I didn't know what year this particular New Year's Eve party took place. I knew I had been pretty young--but just how young? The one thing I did know for sure was the date of the party--December 31st. If I was indeed remembering a New Year's Eve party then that's the only possible date it could have taken place on. The Worcester (MA) Public Library has microfilm of the Worcester Telegram & Gazette newspapers. These were the main newspapers we got our news (and TV listings) from when I was growing up (along with the Woonsocket Call and the Milford Daily News). I was very familiar with the Telegram microfilm because I had been working in the Worcester Public Library at the time and had looked up literally hundreds of obituaries for genealogists over the past eight years. I also used the T&G microfilm for my own research into the old Boston channel 56 (WLVI) show Creature Double Feature, but that's a different story for a different blog...

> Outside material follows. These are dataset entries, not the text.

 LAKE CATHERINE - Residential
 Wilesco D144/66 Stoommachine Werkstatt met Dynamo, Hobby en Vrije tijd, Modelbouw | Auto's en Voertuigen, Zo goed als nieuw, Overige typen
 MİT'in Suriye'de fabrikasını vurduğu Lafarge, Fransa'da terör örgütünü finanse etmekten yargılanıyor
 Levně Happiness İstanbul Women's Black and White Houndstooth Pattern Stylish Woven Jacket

I had a date and only needed to read the TV listings for a few (I hoped) New Year's Eves until I found the right year. I started out going through the late 1970s and into the early 1980s when I would have been between eight- and 12-years-old or so. Nothing seemed to match up. I went back a year at a time: 1979, 1978, 1977. Just about to give up I tried 1976, which would have made me only seven-years-old. Nothing. Then I decided to try just one more year. I checked the listings for December 31, 1975 (when I would have been only six-years-old) and struck gold! At 9:30 that New Year's Eve WLVI channel 56 ran the movie "Son of Kong" (1933)--the lesser-known sequel to 1931's "King Kong"--as the second part of a double feature with "Gog" (1954)--a movie occasionally aired on Creature Double Feature. Now, I had remembered watching the movie in question very late at night (like just before, or more likely after, the stroke of midnight). 9:30 seemed a little early until I realized the movie didn't end until 11:00 PM. And, more importantly, to a six-year-old boy, 9:30 PM would have felt very late indeed, even if it really wasn't.

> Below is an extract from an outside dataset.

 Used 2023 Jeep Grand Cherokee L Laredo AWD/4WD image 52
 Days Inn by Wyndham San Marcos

The only thing left was to confirm that "Son of Kong" was indeed the movie I had remembered bits and pieces of for well over thirty years. Clips of it on Youtube seemed to indicate that it was the right one, but the final proof came very late (really this time) on New Year's Morning of 2010. "Son of Kong" was released on DVD at some point and Netflix had it available for rent. My wife and kids and I spent New Year's Eve with some friends. Well after everyone else had gone to sleep (around 3:00 AM) my best friend and I put in the DVD and watched "Son of Kong". It had the same feeling I remembered. It had the same island and people walking around I had remembered. And, most important of all, it had the same large white gorilla that I had remembered for the past thirty-four years!

True, I still couldn't be absolutely sure if the other memory fragments I had from that New Year's Eve party were reliable or not, but the biggest piece of the puzzle had been solved. I don't really know why it was so important for me to confirm my memory and put an exact date to it, but it was very rewarding nonetheless. To think I had watched "Son of Kong" on the night of December 31, 1975 and then never saw it again until the early morning of January 1, 2010. It was just a nice personal moment for me and gave me a bit of a feeling of...well, closure might be too strong a word, but it was a good feeling, whatever it was.

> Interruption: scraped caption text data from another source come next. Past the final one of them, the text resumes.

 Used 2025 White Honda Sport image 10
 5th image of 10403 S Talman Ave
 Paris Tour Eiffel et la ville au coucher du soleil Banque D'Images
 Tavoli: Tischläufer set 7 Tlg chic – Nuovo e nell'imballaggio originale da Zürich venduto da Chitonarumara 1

As a postscript, I just got an issue of the Eastern New England edition of TV Guide for December 27, 1975 to January 2, 1976 a couple of days ago. I've been collecting TV Guides from around this time for a while now, looking for ads for Creature Double Feature and other neat Boston-area TV stuff. When this particular issue arrived I opened it up and was initially disappointed to not find a Creature Double Feature ad. There wasn't even an ad for the Saturday 6:00 Abbott & Costello movie that Worcester's channel 27 (WSMW) used to run at the time. I was still happy to be able to read the listings themselves, but the ads would have made it that much more enjoyable. Then I flipped through the rest of the week. The date hadn't occurred to me, but that Wednesday (the 31st) was New Year's Eve of course. Scanning the pages I suddenly saw something that made the issue exremely interesting. WLVI channel 56 was running a "New Years Double Feature" and they put in an ad very similar to the ones they frequently put in TV Guide for Creature Double Feature. The movies featured that night? Well, obviously they were "Gog" and "Son of Kong"!